Exception swallowing. Let us not forget that the most common method of swallowing Exceptions, ie, catching all Exceptions, will also swallow Unchecked Exceptions. I have seen programmers swallowing Exceptions because they find this an easy and simple way to fix that annoying NullPointerException.
Whether you like it or not, Java uses Checked Exceptions everywhere in its libraries. Therefore, even if you throw Unchecked Exceptions, chances are that programmers will still swallow Exceptions, because they still need to deal with the Checked Exceptions thrown by Java libraries.
As it is, programmers do not like to think about error handling. To encourage the use of Unchecked Exceptions is to encourage this behaviour, as there will be even less inclination to think about exceptional conditions.

If you are still not convinced, read this excellent interview with Bruce Lindsay, where he talks about the type of error handling that goes into building a DBMS.

Friday, September 02, 2005

BTrees and Logical Undos

Certain BTree operations require Logical Undo to be performed during rollbacks and restart recovery. This is because, in a BTree, keys can move from one page to another, and therefore an undo operation may have to be applied to a different page from the one where the original action took place.

To take an example, suppose transaction T1 deletes the key D from page P1. Another transaction T2 comes along and inserts the key B into page P1. This causes a page split, after which, all keys greater than B end up in a new page P2. Now, if the first transaction T1 aborts, then it needs to reinstate the deleted key D. However, if it looks at page P1, it will find that the deleted key no longer belongs there. Therefore it must locate the new page P2 and perform the undo action there.

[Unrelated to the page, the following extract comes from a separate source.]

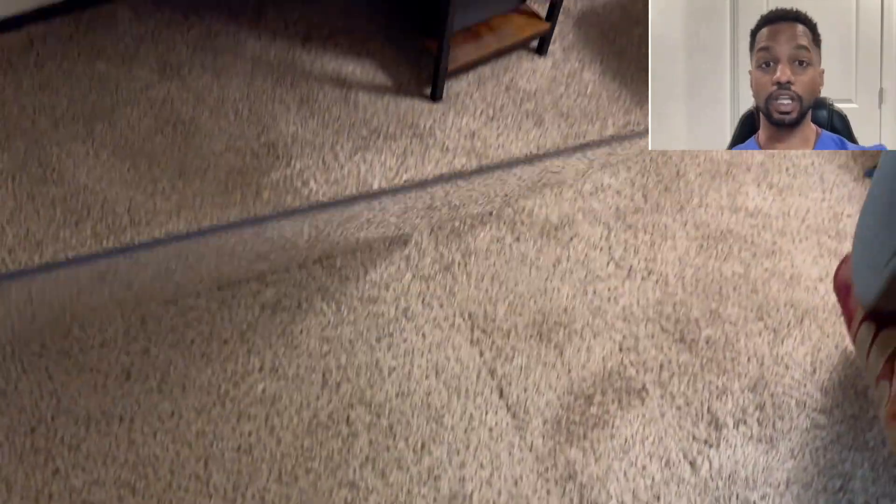It's very easy to lift up and move, so you can vacuum underneath the mat. It's also easy to mop up — you could use a Swiffer or anything like that.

There are a couple of design decisions that affect the complexity of the logical undo actions:

If the BTree is designed to physically remove keys when they are deleted, then undo actions require the key to be physically re-inserted. This means that during the undo of a key delete, page splits can occur if the insert cannot be performed due to the page being full. The splits can recurse up the tree causing more page splits.

The advantage of the physical removal option is that the BTree never contains data that is superfluous. If a large number of rows are deleted, the BTree will be immediately compacted, as the pages used by deleted keys would be removed. Keeping the BTree dense and small is good for performance as fewer pages need to be scanned during traversals.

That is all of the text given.